▸ **What to produce**
Below are some entries. Repeat exactly the lines from the one with "Деепричастный оборот, слайд 18" through the one with "OMRON EJ1 - Écrire", and only those.

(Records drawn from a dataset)
* * * *

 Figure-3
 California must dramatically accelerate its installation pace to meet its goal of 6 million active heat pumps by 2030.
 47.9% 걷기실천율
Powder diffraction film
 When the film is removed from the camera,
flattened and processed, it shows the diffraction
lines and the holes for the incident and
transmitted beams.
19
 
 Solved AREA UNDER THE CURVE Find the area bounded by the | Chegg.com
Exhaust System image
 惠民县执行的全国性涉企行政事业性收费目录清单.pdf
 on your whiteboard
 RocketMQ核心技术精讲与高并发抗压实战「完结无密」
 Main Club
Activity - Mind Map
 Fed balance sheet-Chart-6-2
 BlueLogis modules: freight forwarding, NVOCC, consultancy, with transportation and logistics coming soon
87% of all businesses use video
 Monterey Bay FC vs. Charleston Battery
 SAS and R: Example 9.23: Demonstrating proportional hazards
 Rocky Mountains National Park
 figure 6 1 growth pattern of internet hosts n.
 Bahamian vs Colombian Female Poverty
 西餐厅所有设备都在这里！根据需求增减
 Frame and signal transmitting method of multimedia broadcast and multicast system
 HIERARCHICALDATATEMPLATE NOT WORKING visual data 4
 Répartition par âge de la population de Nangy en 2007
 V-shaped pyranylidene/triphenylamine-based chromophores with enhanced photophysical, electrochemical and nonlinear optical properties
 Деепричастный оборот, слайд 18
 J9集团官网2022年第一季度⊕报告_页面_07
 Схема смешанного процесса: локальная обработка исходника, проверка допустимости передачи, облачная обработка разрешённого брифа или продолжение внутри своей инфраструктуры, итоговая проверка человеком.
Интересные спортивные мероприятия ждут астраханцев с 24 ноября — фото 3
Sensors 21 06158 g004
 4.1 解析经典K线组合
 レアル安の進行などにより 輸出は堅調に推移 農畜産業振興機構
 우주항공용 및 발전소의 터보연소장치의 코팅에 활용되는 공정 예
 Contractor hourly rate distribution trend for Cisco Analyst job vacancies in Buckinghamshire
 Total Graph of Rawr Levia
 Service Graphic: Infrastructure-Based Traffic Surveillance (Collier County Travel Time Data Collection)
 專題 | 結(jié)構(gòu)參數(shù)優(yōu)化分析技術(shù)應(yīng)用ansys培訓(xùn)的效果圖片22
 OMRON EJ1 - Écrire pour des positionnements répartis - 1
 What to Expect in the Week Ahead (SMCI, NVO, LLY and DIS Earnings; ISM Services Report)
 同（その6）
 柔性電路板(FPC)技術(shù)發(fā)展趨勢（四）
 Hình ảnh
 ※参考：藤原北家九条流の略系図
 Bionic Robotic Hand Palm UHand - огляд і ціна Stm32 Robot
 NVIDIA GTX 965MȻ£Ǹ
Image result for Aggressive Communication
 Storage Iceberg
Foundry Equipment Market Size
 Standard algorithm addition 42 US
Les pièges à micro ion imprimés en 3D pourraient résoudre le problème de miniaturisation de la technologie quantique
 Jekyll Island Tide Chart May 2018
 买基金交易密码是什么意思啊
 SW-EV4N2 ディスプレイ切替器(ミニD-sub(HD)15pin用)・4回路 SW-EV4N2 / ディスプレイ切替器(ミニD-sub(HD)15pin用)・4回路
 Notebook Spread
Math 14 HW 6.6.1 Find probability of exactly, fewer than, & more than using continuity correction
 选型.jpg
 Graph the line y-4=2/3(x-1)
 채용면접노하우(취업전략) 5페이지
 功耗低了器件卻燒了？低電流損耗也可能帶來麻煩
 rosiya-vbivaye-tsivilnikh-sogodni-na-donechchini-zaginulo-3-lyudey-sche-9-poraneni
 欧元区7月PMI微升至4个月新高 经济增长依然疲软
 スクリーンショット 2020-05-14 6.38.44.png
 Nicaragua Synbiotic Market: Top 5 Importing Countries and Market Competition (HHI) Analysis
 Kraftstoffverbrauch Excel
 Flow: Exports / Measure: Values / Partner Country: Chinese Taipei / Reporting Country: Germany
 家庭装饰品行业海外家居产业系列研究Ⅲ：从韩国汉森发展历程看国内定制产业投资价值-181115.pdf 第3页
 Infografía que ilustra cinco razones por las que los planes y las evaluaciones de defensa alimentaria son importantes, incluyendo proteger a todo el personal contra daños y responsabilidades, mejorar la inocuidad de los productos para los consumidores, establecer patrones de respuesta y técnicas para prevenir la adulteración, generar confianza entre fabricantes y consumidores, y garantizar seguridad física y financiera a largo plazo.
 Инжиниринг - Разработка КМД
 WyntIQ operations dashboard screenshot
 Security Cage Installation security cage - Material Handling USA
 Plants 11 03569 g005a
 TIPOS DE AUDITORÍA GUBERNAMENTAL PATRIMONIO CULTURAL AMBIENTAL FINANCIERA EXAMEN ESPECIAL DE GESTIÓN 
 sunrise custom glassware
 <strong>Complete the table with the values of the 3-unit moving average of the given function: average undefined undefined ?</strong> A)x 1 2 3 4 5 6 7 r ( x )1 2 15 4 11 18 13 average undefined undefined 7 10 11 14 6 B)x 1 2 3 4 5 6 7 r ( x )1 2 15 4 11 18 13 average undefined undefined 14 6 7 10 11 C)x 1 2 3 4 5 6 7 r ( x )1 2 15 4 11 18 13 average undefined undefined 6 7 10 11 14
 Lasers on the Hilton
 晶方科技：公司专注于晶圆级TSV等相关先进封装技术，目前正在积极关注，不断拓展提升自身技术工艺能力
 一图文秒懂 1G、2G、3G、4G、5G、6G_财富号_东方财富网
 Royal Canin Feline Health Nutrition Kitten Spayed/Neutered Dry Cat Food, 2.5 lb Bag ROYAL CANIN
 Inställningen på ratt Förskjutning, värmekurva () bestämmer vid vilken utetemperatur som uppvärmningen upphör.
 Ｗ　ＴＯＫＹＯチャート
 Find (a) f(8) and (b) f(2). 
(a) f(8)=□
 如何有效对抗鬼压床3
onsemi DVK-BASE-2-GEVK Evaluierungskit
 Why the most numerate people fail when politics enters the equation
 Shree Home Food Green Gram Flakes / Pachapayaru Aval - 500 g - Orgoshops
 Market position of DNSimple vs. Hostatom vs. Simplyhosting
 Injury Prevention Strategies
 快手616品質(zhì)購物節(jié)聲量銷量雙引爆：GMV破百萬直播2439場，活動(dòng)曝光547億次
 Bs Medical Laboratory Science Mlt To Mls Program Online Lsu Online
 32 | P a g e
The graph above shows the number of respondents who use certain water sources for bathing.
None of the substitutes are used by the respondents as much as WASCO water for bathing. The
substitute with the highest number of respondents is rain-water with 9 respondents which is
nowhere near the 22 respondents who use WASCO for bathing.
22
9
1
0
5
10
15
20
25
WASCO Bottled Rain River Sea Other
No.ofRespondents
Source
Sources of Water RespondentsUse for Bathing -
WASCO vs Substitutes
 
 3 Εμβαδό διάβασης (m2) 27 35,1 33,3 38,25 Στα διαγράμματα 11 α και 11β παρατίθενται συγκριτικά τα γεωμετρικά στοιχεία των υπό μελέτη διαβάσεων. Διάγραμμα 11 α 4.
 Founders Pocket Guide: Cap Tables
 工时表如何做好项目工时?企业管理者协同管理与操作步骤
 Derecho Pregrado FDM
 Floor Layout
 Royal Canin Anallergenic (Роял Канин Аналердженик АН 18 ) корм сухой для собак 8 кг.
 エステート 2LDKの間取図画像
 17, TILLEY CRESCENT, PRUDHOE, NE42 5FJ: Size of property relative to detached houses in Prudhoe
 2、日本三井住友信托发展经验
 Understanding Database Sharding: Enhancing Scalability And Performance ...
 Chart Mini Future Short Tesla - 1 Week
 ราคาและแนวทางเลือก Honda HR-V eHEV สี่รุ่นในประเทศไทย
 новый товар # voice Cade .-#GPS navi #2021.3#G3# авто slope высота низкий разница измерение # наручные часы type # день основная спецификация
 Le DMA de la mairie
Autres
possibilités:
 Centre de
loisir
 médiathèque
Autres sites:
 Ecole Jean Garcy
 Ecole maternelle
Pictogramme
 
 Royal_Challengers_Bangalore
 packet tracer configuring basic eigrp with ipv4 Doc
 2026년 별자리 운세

* * * *

▸ **Response for this exercise**
 Деепричастный оборот, слайд 18
 J9集团官网2022年第一季度⊕报告_页面_07
 Схема смешанного процесса: локальная обработка исходника, проверка допустимости передачи, облачная обработка разрешённого брифа или продолжение внутри своей инфраструктуры, итоговая проверка человеком.
Интересные спортивные мероприятия ждут астраханцев с 24 ноября — фото 3
Sensors 21 06158 g004
 4.1 解析经典K线组合
 レアル安の進行などにより 輸出は堅調に推移 農畜産業振興機構
 우주항공용 및 발전소의 터보연소장치의 코팅에 활용되는 공정 예
 Contractor hourly rate distribution trend for Cisco Analyst job vacancies in Buckinghamshire
 Total Graph of Rawr Levia
 Service Graphic: Infrastructure-Based Traffic Surveillance (Collier County Travel Time Data Collection)
 專題 | 結(jié)構(gòu)參數(shù)優(yōu)化分析技術(shù)應(yīng)用ansys培訓(xùn)的效果圖片22
 OMRON EJ1 - Écrire pour des positionnements répartis - 1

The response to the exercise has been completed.